■ Exercise prompt
When a line below holds the string "Before", show that line.

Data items
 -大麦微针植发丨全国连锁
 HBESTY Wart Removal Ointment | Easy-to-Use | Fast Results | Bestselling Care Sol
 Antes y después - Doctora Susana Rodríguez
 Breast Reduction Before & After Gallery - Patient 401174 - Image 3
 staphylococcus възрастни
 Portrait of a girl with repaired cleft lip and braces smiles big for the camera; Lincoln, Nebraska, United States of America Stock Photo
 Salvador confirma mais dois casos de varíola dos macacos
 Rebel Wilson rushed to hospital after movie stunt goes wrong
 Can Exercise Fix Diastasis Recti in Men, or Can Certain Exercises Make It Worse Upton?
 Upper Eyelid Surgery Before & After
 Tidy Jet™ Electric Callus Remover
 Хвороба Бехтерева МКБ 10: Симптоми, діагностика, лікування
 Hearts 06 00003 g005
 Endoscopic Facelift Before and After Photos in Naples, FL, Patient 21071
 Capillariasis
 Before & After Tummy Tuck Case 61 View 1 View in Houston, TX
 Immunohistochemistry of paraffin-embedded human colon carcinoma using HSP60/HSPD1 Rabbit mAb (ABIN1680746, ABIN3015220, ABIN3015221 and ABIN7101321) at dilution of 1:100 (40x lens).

■ Output for this task
 Breast Reduction Before & After Gallery - Patient 401174 - Image 3
 Upper Eyelid Surgery Before & After
 Endoscopic Facelift Before and After Photos in Naples, FL, Patient 21071
 Before & After Tummy Tuck Case 61 View 1 View in Houston, TX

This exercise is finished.